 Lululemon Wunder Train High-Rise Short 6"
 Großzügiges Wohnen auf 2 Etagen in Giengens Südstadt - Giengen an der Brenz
..........
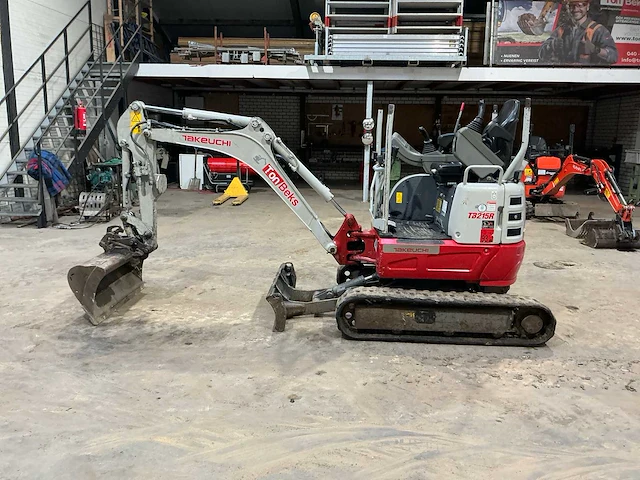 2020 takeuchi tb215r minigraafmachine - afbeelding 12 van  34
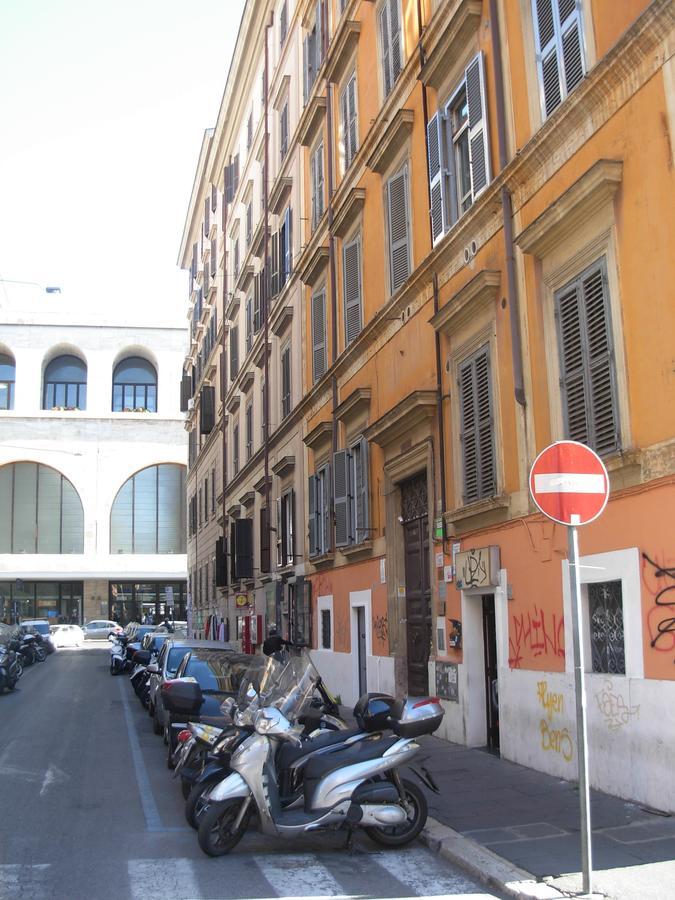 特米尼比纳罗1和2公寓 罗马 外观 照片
..........
• _Work item_
From the data above, output only the lines between the line containing "Lululemon Wunder Train" and the line containing "Großzügiges Wohnen auf", inclusive, exactly as written.

• _Exercise solution_
 Lululemon Wunder Train High-Rise Short 6"
 Großzügiges Wohnen auf 2 Etagen in Giengens Südstadt - Giengen an der Brenz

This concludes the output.